As curriculum awareness continues to be an issue throughout the United States, parents are now sounding the alarm over the Satanic Temple (TST)’s efforts to create after-school clubs for students, worrying about the impact it may have on young children’s view of faith.
In December of last year, a TST “After-School Satan Club” was approved at a Virginia elementary school resulting in backlash from parents distributed by the push to indoctrinate young children into Satanism. Since then, TST has announced plans to create new clubs in New York, Pennsylvania, and Colorado, with religious advocates taking note of the trend.
Speaking to the Daily Caller over this issue, Penny Nance, CEO and President of Concerned Women for America, said that a satanic club is the “antithesis of religion.”
“Groups like this have free speech rights, but Satanism is not a religion. The fact that there are more of these clubs popping up means kids are searching for something to believe in.”
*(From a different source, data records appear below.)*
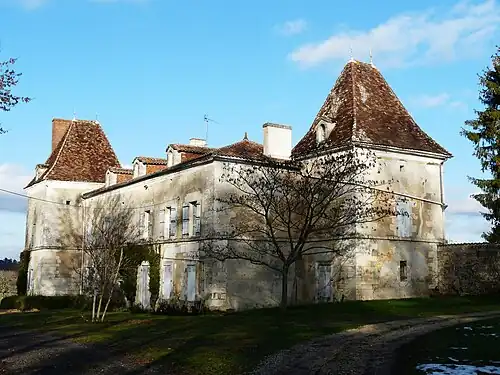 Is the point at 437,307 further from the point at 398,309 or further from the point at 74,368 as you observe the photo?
the point at 74,368

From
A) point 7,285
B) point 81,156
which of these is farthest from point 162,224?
point 7,285

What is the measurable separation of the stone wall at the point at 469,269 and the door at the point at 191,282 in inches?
435

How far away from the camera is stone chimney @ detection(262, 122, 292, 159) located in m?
29.7

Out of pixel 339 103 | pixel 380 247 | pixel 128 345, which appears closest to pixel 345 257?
pixel 380 247

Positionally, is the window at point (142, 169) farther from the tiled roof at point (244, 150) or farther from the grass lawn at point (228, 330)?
the grass lawn at point (228, 330)

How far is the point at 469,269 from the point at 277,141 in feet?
34.2

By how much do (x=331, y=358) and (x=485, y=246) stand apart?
1627 cm

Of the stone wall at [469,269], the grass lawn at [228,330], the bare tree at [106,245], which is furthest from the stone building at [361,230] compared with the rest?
the grass lawn at [228,330]

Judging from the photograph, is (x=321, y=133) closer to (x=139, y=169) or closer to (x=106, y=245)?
(x=139, y=169)

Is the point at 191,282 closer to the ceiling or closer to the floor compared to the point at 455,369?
closer to the ceiling

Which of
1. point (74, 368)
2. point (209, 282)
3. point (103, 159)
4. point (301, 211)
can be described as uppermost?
point (103, 159)

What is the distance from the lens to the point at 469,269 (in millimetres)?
27031

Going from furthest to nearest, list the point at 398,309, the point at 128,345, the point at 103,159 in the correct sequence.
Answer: the point at 103,159 → the point at 398,309 → the point at 128,345

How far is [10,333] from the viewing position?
20734mm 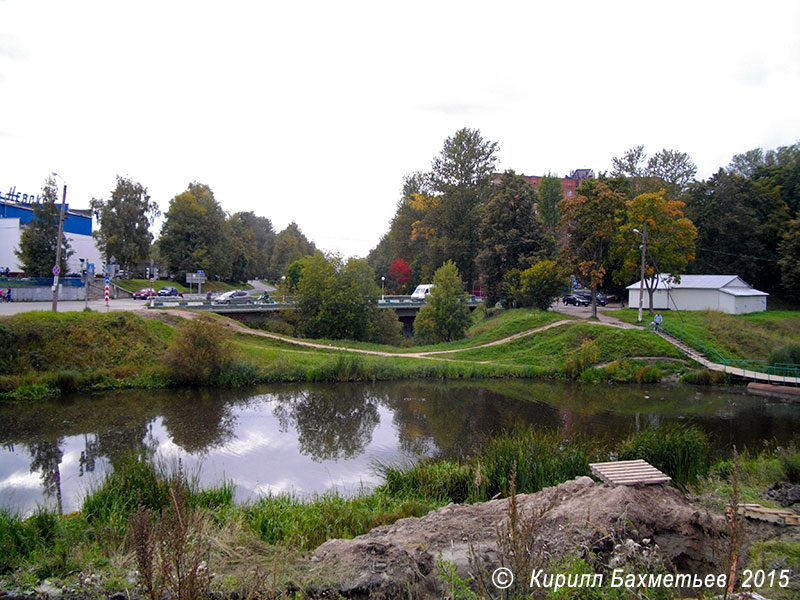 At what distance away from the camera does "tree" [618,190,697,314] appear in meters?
35.3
According to experts like Delano Squires, a research fellow at the Heritage Foundation’s Richard and Helen DeVos Center for Life, Religion, and Family, the move to promote Satanic Temple in schools is a “concerning development in districts across the country,” she said to the Daily Caller.
“This group has no more ‘right’ to students and schools as a Neo-Nazi club demanding representation. Schools should use wisdom and discernment about decisions related to extracurricular activities,” Squires told Daily Caller.”
On Twitter, TST argued that a future vote at a Virginia school would decide whether or not the club would be on “equal footing” with other religious clubs.
In a 2022 Reddit Post, shared by TST’s National Campaign Director June Everett, the organization said that students would be engaging in puzzles, games, arts and crafts, and nature activities while being taught “benevolence and empathy, critical thinking, problem-solving, creative expression, personal sovereignty, and compassion.”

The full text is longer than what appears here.